The same can be said of celebrities who denounce and insult Republicans or Americans who don’t agree with one issue or another. For instance, how many celebrities badmouthed Trump about the way he allegedly treated illegal migrants? What about those kids in the cages? Not one of those celebrities would have taken any of these people into their own homes. When confronted with that prospect, they go silent as the grave.

But they should be pressured to put their money where their mouth is anytime they open it, and I can’t think of a more perfect place to start than with the ultimate corporate virtue signalers that are Ben & Jerry’s Ice Cream.

Recently, Ben & Jerry’s celebrated July 4th by reminding everyone that we’re all horrible people because we’re celebrating our independence on stolen land. As Nick Arama reported, the backlash to the tweet was immediate and devastating. The Vermont-based company was confronted with the fact that their HQ is also on the land stolen from the Abenaki people.
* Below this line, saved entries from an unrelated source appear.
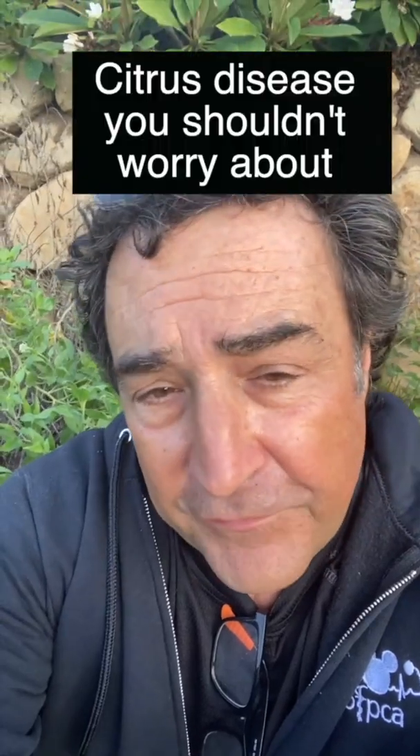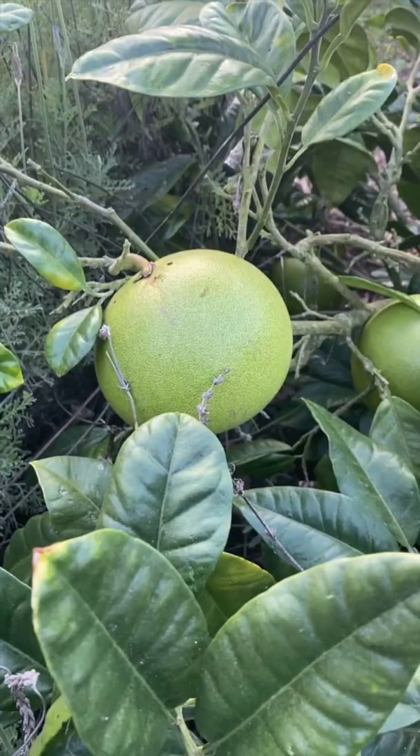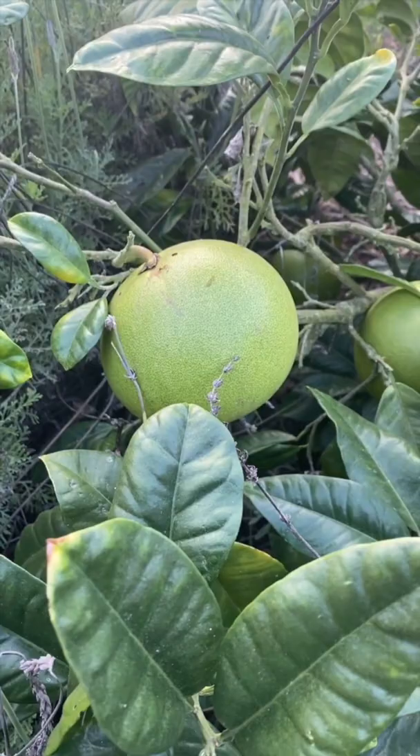Here's another citrus disease that you don't really have to worry about, but looks bad. But if the tree is strong, it'll fight it off. That's a giant pomelo that's as big as, bigger than most softballs.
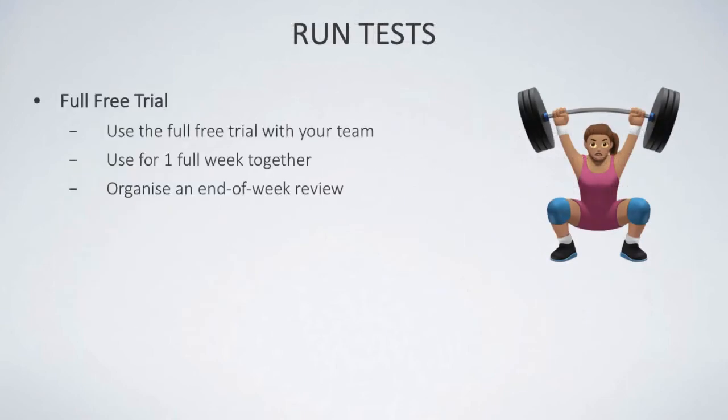In terms of running tests — once you've researched, evaluated the cost, and picked at least one project management software — you need to use it on a full free trial with your team for a full week. This gives you a full opportunity to upload everything, work as you normally would, and implement the software. It's a bit like pitching a tent for a week — it might come down or it might turn into a house — but it's a great opportunity to work out the issues.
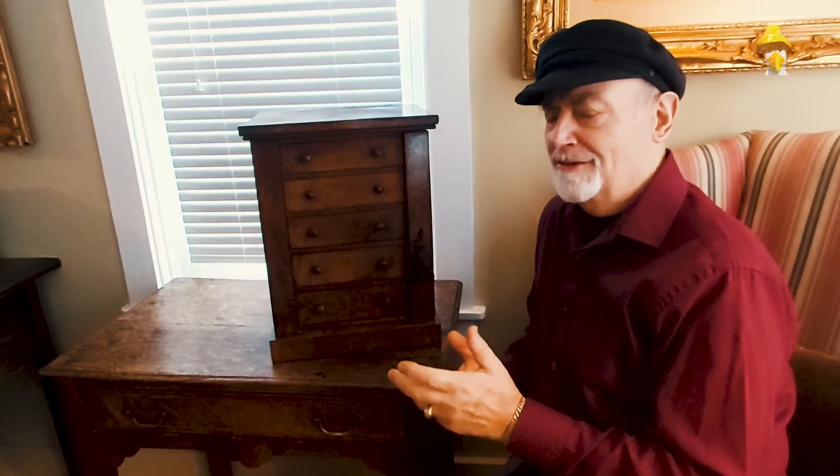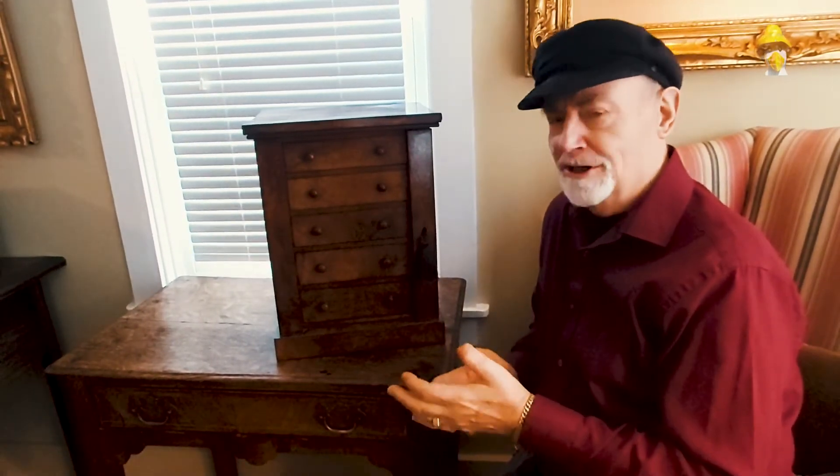Miniature furniture has become very popular today and hard to find, hard to get a hold of. Miniature pieces of furniture — tables, chests of drawers, chairs — all kinds of things were made as miniatures.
As Newsweek recently reported, after hearing that the company was all about returning stolen land, the Abenaki people notified the ice cream corporation (owned by Unilever) that they would like their land returned:

Don Stevens, chief of the Nulhegan Band of The Coosuk Abenaki Nation—one of four descended from the Abenaki that are recognized in Vermont—told Newsweek it was “always interested in reclaiming the stewardship of our lands,” but that the company had yet to approach them.

“We are always interested in reclaiming the stewardship of our lands throughout our traditional territories and providing opportunities to uplift our communities,” Stevens said when asked about whether the Nulhegan Abenaki Tribe would want to see the property handed over to Indigenous people.

While the chief said that the tribe “has not been approached in regards to any land back opportunities from Ben & Jerry’s,” he added: “If and when we are approached, many conversations and discussions will need to take place to determine the best path forward for all involved.”

As of this writing, Ben and Jerry’s has not issued any statements about this request from the Abenaki Nation, nor have they acknowledged the backlash regarding the discovery of their hypocrisy.

I wouldn’t hold my breath either. That July 4 post was a virtue signal and virtue signals aren’t about doing good, it’s about looking good. B&J isn’t likely to give up the land…but they should be pressured to. In fact, this should become the common response to anything they say or do.

New ice cream flavor? When are you giving your land back to the Abenaki Nation?

New tweet? When are you giving your land back to the Abenaki Nation?

New statement about something that happened in DC? When are you giving your land back to the Abenaki Nation? The pressure should be constant…as should the refusal to buy their ice cream.

To truly make a virtue signal expensive, it has to cost more than a few million dollars. It has to cost their image. Like Call of Duty, Bud Light, and Target, Ben & Jerry’s brand should get so wrapped up in this issue that their name is no longer synonymous with ice cream, but with the Abenaki Nation. No matter what they do, that hypocrisy is staring them directly in the face. It should be inescapable. They should wear this embarrassment wherever they go.

That’s how you truly make a virtue signal costly. Aim for their image and their bank account will fall with it.